CD Rates Outlook: What the Yield Curve Is Telling Us
CD rate forecasting is harder than it sounds — here is what the current market signals actually imply.
The yield curve shape tells you something about where the market expects rates to go. An inverted yield curve — where short-term rates exceed long-term rates — implies the market expects future short-term rates to decline. A normal (upward-sloping) curve implies the opposite.
As of 15 May 2026, the 1-year Treasury yields approximately 4.40%; the 5-year yields approximately 4.15%. The curve is mildly inverted at the short end, suggesting the market prices in moderate rate cuts over the next 1–2 years. CD rates from bank issuers track this curve with a spread for credit and liquidity.
What this implies for deposit decisions: 1-year CDs currently offer more than 5-year CDs at many banks (the inversion). If you believe the curve is correct — that rates will fall moderately — locking into a 1-year CD and reassessing at maturity preserves flexibility. If you believe rates will stay higher than the market expects, a 5-year CD locks in a rate that will look attractive in retrospect.

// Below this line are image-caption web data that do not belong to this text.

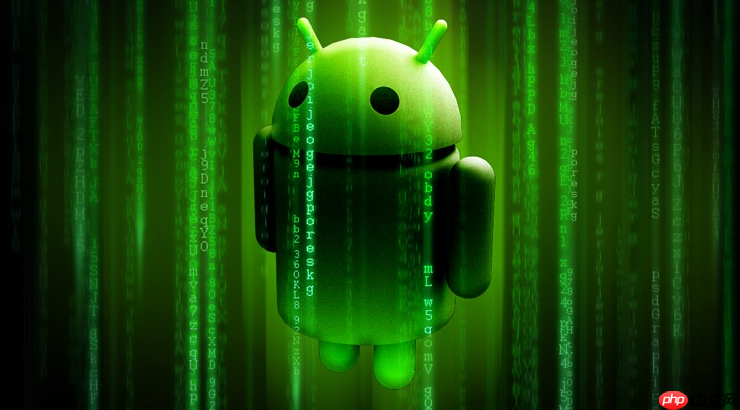 vivo 手机怎么设置动态锁屏？炫酷锁屏效果打造技巧！​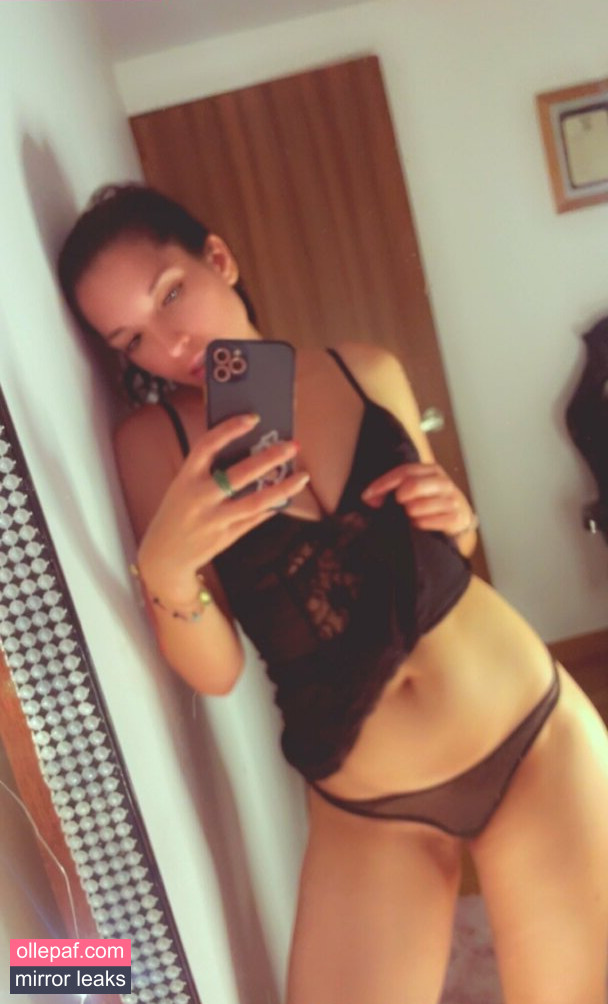 Latest Leaks lili_me.xx Nude #19 - Fapello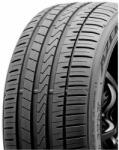 Falken AZENIS FK510 225/30 R20 85Y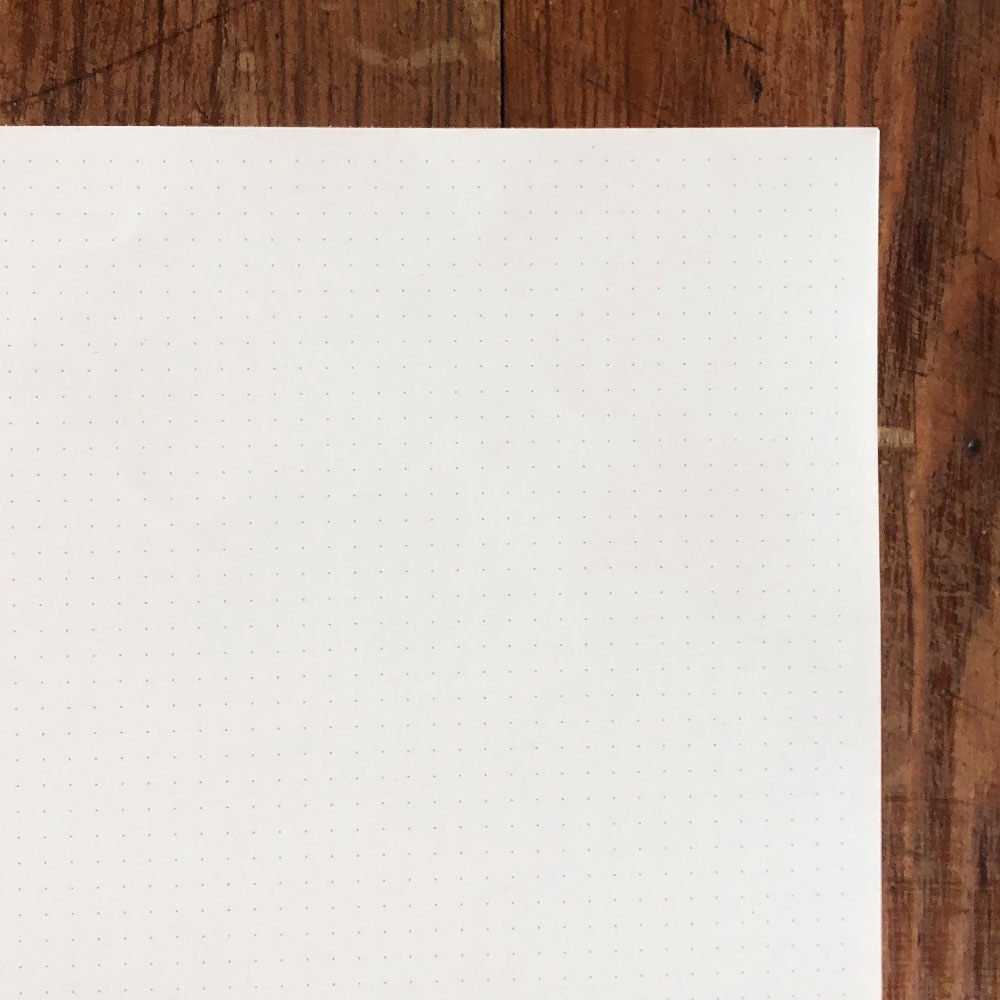 220840_9_s.png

What I am not going to do: give you a confident rate forecast. The Fed has been surprised by inflation persistence repeatedly since 2021. Rate futures markets have been consistently wrong about the timing of cuts. My recommendation is to position for the range of outcomes rather than the modal outcome: a ladder with rungs at 1, 2, and 3 years covers you whether rates fall 100 basis points or stay flat over the next three years.
One observation worth noting: CD rates at credit unions have been more stable than at banks during recent rate-change cycles. If rate stability in your deposit rate matters, credit union share certificates are worth including in the comparison.